Always use proto3 syntax rather than proto2 for new protocol buffers. Proto2
protobufs can be compiled for ``pw_rpc``, but they are not as well supported
as proto3. Specifically, ``pw_rpc`` lacks support for non-zero default values
in proto2. When using Nanopb with ``pw_rpc``, proto2 response protobufs with
non-zero field defaults should be manually initialized to the default struct.
In the past, proto3 was sometimes avoided because it lacked support for field
presence detection. Fortunately, this has been fixed: proto3 now supports
``optional`` fields, which are equivalent to proto2 ``optional`` fields.

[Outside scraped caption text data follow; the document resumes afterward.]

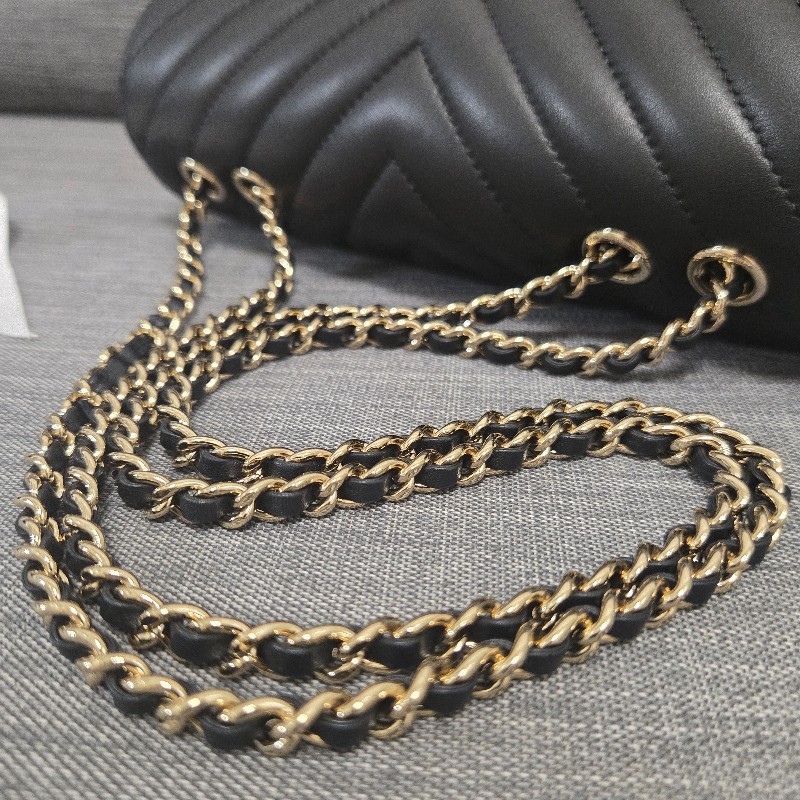 香奈兒 Chanel cf20 黑色牛皮黑金山型紋 v紋 掀蓋包-35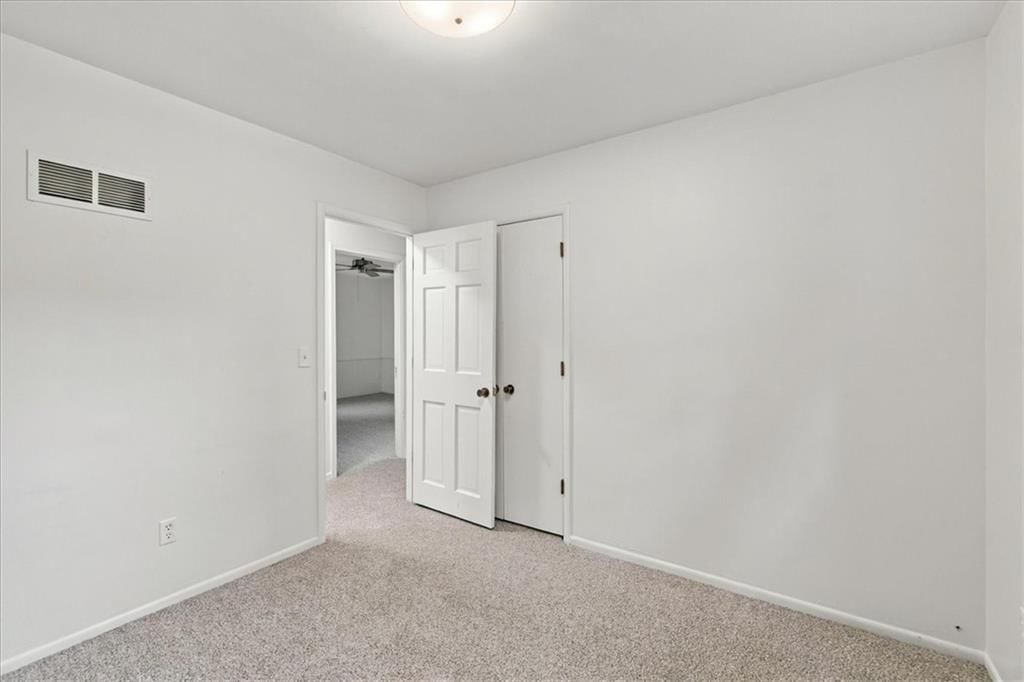 817 E Cothrell Street — photo 24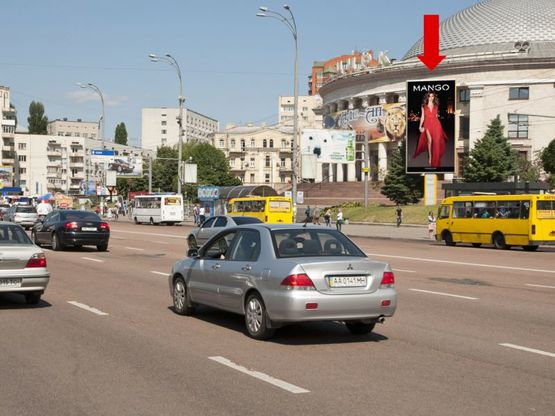 Фото рекламной плоскости по адресу Победы пл., возле цирка, в сторону моста Воздухофлотского Фото рекламной плоскости по адресу Победы пл., возле цирка, в сторону моста Воздухофлотского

If you need to distinguish between a default-valued field and a missing field,
mark the field as ``optional``. The presence of the field can be detected
with ``std::optional``, a ``HasField(name)``, or ``has_<field>`` member,
depending on the library.
Optional fields have some overhead --- if using Nanopb, default-valued fields
are included in the encoded proto, and the proto structs have a
``has_<field>`` flag for each optional field. Use plain fields if field
presence detection is not needed.
.. code-block:: protobuf
syntax = "proto3";
message MyMessage {
// Leaving this field unset is equivalent to setting it to 0.
int32 number = 1;
// Setting this field to 0 is different from leaving it unset.
optional int32 other_number = 2;
}
2. RPC code generation
======================
``pw_rpc`` generates a C++ header file for each ``.proto`` file. This header is
generated in the build output directory. Its exact location varies by build
system and toolchain, but the C++ include path always matches the sources
declaration in the ``pw_proto_library``. The ``.proto`` extension is replaced
with an extension corresponding to the protobuf library in use.
================== =============== =============== =============
Protobuf libraries Build subtarget Protobuf header pw_rpc header
================== =============== =============== =============
Raw only .raw_rpc (none) .raw_rpc.pb.h
Nanopb or raw .nanopb_rpc .pb.h .rpc.pb.h
pw_protobuf or raw .pwpb_rpc .pwpb.h .rpc.pwpb.h
================== =============== =============== =============
For example, the generated RPC header for ``"foo_bar/the_service.proto"`` is
``"foo_bar/the_service.rpc.pb.h"`` for Nanopb or
``"foo_bar/the_service.raw_rpc.pb.h"`` for raw RPCs.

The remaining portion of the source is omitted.